Monday, December 05, 2016
18,000 Miles for Karen Steenhof: A Long Way From Sunday
by Merri Melde-Endurance.net
December 4 2016
It's a ways back to 1985 and Karen Steenhof's first endurance riding season aboard her little pony cross mare, Sunday. But she remembers the most fun ride she's ever had like it was last week.
"That was the year we had a very early snow. It started snowing on November 2nd, and it never stopped. We did not see the ground until February. There was a Cold Turkey endurance ride on Thanksgiving weekend in Eagle, Idaho. And this was my first year, so i didn't know that much about anything. And Sunday's shoes had been pulled because of winter."
Karen ran into someone in the grocery store who asked if she was going to the ride. "I said, 'They're not really having the ride, are they?' Well of course they were! I said my mare didn't have shoes, and they said, 'So much the better! We're on a foot of snow, you don't need shoes!'
"The ride was on a Saturday and Sunday, and I drove my car out on the first day just to see, and everybody was having a great time. So I hitched up my trailer and drove out there with little Sunday - and I got the trailer stuck in the ditch on the way.
"But that ride was the most fun. It was the last ride of my rookie season. Sunday just went along on this 50 mile ride in the snow, and the great part was learning that you could do things that you never thought you could do."
31 years and some 17,655 miles later, Karen Steenhof is still having the same enjoyment riding the endurance trails aboard her current gelding, WMA Proclaim (Riley).

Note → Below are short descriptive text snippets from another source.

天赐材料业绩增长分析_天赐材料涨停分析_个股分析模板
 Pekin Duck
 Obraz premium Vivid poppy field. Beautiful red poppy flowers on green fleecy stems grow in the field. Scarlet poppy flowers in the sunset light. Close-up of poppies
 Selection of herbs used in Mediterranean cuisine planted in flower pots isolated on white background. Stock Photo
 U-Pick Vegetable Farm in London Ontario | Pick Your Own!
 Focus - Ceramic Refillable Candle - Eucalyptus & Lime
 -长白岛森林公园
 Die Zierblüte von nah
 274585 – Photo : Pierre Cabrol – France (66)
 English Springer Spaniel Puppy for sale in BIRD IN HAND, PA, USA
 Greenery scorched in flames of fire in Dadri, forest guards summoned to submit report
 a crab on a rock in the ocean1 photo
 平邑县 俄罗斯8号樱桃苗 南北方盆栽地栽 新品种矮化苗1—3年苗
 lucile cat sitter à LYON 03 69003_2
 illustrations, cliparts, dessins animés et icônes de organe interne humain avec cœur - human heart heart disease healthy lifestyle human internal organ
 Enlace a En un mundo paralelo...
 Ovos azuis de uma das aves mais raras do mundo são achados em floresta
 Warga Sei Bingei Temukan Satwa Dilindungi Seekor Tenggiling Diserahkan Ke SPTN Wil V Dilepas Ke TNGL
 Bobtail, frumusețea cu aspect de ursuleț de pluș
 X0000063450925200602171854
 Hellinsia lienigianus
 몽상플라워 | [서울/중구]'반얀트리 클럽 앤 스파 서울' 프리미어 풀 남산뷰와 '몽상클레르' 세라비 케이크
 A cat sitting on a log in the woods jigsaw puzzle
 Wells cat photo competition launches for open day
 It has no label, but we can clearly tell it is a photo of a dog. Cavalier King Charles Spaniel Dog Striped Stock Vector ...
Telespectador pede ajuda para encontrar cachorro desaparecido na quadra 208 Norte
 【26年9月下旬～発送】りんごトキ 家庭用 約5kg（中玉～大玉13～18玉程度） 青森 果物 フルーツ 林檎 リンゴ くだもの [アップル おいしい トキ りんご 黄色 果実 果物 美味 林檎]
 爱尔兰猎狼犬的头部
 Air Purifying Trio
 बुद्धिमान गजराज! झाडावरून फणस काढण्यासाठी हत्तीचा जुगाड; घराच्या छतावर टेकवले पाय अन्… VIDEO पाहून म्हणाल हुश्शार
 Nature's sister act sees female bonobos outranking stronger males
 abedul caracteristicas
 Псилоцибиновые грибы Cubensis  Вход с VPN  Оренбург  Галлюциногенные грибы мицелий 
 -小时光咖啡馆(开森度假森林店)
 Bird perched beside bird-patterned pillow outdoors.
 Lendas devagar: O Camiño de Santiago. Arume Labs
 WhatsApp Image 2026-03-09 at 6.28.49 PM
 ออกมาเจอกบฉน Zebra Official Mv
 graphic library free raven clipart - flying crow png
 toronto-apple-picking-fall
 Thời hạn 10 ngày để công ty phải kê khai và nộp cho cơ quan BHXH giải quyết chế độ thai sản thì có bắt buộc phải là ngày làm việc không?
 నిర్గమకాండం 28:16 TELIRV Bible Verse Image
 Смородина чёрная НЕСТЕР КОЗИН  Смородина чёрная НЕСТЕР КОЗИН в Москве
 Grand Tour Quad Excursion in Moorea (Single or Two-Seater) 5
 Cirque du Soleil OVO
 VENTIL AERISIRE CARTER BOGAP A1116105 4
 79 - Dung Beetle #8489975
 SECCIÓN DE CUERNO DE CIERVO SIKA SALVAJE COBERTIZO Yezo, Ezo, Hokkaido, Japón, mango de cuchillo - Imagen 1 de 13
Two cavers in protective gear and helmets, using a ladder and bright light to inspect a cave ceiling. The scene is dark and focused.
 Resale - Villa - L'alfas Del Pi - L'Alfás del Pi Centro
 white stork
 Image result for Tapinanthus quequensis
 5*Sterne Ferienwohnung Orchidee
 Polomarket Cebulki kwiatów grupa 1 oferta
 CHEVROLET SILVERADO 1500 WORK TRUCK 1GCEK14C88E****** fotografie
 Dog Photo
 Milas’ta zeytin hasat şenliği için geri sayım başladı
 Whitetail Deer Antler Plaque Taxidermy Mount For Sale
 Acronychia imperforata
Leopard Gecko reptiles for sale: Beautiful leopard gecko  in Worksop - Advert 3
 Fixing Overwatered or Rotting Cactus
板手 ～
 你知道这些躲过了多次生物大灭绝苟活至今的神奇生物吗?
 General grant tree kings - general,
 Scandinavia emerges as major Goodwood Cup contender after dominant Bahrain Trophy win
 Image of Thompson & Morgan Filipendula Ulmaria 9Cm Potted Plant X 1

Born in Illinois outside of Chicago, Karen grew up in a very horsey community. "There were 14 polo fields and a fox hunt, so I started riding when I was 6. I got my first horse when I was 11. I rode English hunt seat; I was a junior member of the hunt, which was fun. Endurance riding is kind of like fox hunting without having the jumps."
Karen moved to Colorado in when she was 14, then attended Colorado State University, then the University of Missouri before moving to Idaho where she started working for BLM as a graduate student. She became an analytical wildlife biologist then ultimately retired as a research wildlife biologist for the USGS in 2008. If you're a birder, it's a real treat to ride the trails with Karen.
Sunday was Karen's first horse she owned as an adult, after finding her in the newspaper in 1983. "I boarded her near Eagle, and I would go out riding in the foothills every once in a while. I used to have a dog, and in his last days, just before and after he died, my grief was to kind of transfer my attention to the horse and ride farther and farther into the hills. At that point I started running into endurance riders.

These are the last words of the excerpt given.